In this case, the tomatoes, garlic, basil, and most of the hot peppers are from our garden. The onions are from our favorite farmers at the East Nashville farmer's market, some of the hot peppers are from our weekly CSA basket.
All Purpose Roasted Tomato Base
Tomatoes, enough of any variety to fill a roasting pan
Onions, about 3 per roasting pan
Garlic, about 1 head per roasting pan
Pepper, freshly ground
Pre-heat oven to 400 degrees F. Slice tomatoes in half pole to pole (removing stem end and other blemishes) and place in the roasting pan, cut side up. Cut onions into quarters or halves for smaller onions and distribute throughout roasting pan. Remove skins and ends from cloves of garlic and scatter through pan. Drizzle lightly with olive oil. Add a handful (1 teaspoon or so) of sea salt and add freshly ground pepper to taste. Do not cover pan. Place in pre-heated oven and cook for 45-50 minutes. Remove from oven and blend with hand-held blender to desired degree of smoothness. Make sure to include any juices that form in the pan, this is the tastiest bit of the sauce.

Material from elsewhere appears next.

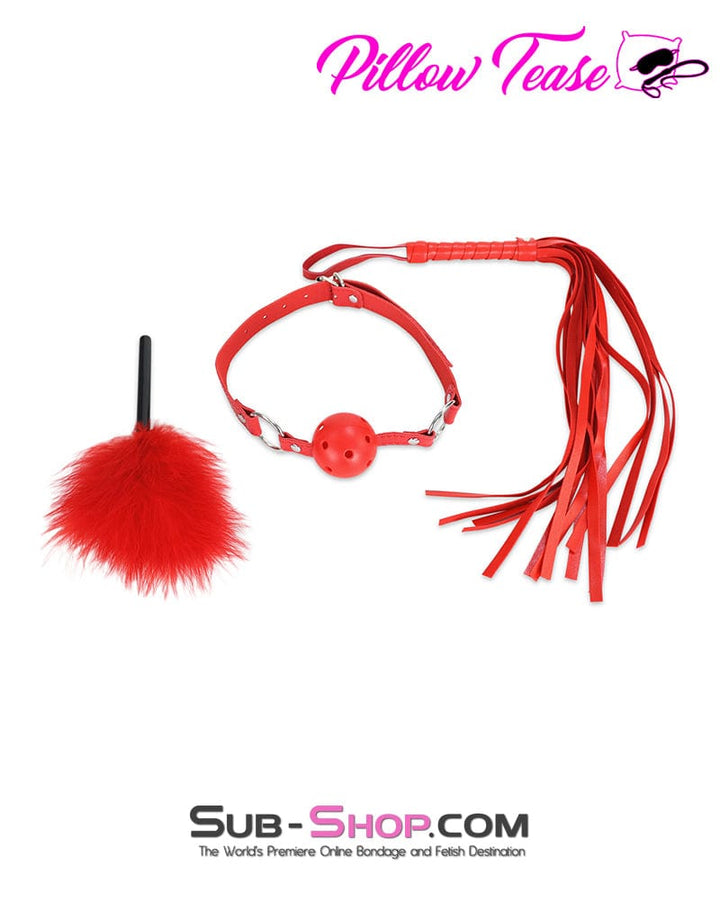 9868DL      Be Naughty 5 Pc Red Bondage Fantasy Kit Bondage Set   , Sub-Shop.com Bondage and Fetish Superstore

If you want to make pasta sauce:
Use as is or add in thinly sliced fresh basil, fresh oregano, and/or pine nuts.
This week's tomato sauce looked like this, served over some super tasty homemade ricotta gnocchi:
If you want to make fresh salsa:
While tomato sauce is cooking, place any variety of washed hot peppers into a small dish, drizzle with olive oil, and cover the pan with foil. Place in oven with tomatoes and cook for 30-40 minutes. Pull off the stem. Remove seeds if you'd like a milder salsa (although roasting really mellows everything out). Add to tomato sauce and blend. I also like to throw in some freshly chopped onion when I'm using this salsa.
If you want to make pizza sauce:
Depending on the tomato variety used, the sauce may be thick enough to use as pizza sauce as is. If the sauce is not thick enough, place in pot and simmer until it reaches the desired thickness.
I imagine if you were into tomato soup, you could also puree the tomato base really well and end up with some tasty soup. The anti-tomato soup faction is fairly strong at my house, so I haven't tried this. I know a lot of tomato sauces call for you to remove the tomato seeds, but they don't bother me. I've also seen a lot of recipes that tell you to remove the skins from the tomatoes. I used to try to get most of the skins off, but I've found that they either blend up nicely or are easily removed using my stick blender.
All of these variations freeze really well. This year, we planted paste tomatoes, San Marzano variety, which makes a fairly tasty sauce with a perfect amount of liquid. I personally prefer using heirloom varieties of all kinds - I think they produce a more interesting sauce. The San Marzano sauce works really well though and is quite tasty. If we do end up with excess liquid, we simply reduce the sauce a bit on the stovetop and it turns out just fine. It's really important not to toss out the sauce that forms in the roasting pan, as this is the tastiest part of the sauce in my opinion.
ps I know you're all really wondering "why not plant fewer tomatoes? wouldn't that solve the problem of too many tomatoes?" and trust me, we've tried that. If we plant fewer tomato plants, we still get the same number of tomatoes. I call it The First Law of Tomatoes: Conservation of Tomato Production. Regardless of how many seedlings you plant, you always end up with the same number of tomatoes to use.